Related Article: When Should a Founder Relinquish the CEO Role?
What’s an Executive to Do?
The answer to reducing anxiety as individuals is to recenter ourselves in the present. The same is true for executives. That means first stepping back from chaotic and conflicting streams of information to reflect on the fundamentals, the value the organization generates, who benefits from that value and the experience of all of an organization’s stakeholders.
Some questions executives can ask themselves or explore with teams:
- What do our mission and values mean to us, our customers, and our employees?
- What energizes us about the work we do? Why?
- What matters to the organization? To me? To us?
- What is most frustrating to me? To employees? To customers?
- What would make customers and employees wildly happy? What value would that have collectively? What is keeping us from offering those things?
The post-pandemic hangover has led most of us to think differently about what matters. That means organizations also have to think differently about their value proposition because what matters is what has value.
Second, anxiety is often a symptom of feeling out of control. Take back control.
The Jack Welch School of Companies-as-Financial-Instruments led to the hollowing out of organizations. So much of the value of an organization has been outsourced, which has reduced risk, but it has also stripped work of meaning. It has also, ironically, put organizations at the mercy of suppliers and contractors, who have no incentive to think differently in order to do more with less. It is why executives feel powerless in spite of their role.
In so many organizations, the only people with discretionary budgets are the very top tier of executives, who hold contracts with partners who do most of the work. It has dramatically decreased the organization’s ability to innovate. The competitive differentiator for organizations is shared knowledge and context/history across product and operational groups, which creates agility, speed and innovation.

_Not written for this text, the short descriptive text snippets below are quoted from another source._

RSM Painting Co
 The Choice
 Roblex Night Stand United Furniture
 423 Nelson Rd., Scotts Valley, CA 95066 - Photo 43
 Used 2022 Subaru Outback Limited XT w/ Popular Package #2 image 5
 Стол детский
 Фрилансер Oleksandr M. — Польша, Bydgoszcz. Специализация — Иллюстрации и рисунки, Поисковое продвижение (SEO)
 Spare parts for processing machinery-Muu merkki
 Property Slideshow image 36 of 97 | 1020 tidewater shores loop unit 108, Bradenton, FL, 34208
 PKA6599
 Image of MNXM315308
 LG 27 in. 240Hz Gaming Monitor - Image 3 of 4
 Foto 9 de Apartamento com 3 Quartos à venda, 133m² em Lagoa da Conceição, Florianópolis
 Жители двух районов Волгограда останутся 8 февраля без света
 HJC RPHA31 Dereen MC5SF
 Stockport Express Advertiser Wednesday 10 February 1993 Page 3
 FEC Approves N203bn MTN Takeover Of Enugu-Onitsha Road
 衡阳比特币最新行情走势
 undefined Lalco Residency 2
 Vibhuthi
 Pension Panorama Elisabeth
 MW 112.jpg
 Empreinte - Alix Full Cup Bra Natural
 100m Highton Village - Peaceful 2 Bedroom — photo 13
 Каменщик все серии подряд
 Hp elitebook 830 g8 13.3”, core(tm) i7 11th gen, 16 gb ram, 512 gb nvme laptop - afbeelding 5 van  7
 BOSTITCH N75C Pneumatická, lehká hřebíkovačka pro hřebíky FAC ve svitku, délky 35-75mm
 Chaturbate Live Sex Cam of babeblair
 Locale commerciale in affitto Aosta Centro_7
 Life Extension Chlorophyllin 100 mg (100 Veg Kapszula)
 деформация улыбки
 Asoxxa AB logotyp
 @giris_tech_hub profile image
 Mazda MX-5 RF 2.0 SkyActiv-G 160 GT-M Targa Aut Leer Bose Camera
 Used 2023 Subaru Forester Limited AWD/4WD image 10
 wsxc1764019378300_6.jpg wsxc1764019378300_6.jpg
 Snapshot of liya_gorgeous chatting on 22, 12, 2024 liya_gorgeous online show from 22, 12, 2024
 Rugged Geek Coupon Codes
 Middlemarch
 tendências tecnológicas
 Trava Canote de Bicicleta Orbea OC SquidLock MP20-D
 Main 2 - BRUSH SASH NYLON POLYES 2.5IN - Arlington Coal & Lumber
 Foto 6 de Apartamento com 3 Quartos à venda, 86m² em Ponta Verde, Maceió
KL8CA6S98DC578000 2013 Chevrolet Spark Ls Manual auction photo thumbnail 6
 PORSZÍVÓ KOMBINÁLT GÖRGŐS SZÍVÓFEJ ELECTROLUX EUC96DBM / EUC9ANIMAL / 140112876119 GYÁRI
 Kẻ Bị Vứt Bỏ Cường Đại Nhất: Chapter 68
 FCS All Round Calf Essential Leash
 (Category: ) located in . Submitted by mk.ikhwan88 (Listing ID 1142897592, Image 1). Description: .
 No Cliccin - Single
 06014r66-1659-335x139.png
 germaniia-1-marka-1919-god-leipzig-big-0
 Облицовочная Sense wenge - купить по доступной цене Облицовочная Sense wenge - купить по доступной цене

This outsourcing leaves employees with mostly administrative and project management work, which, while no longer literal paper-pushing, is often joyless. Joy comes from learning, experimenting and creating. That comes with some risk and variability, but that is where meaning and motivation lie.
So, bring creative work back in-house. Get closer to the value and the customer. Engage and challenge employees to find new possibilities and approaches. It will bring back meaning, joy and agility – and executives may regain their motivation as well.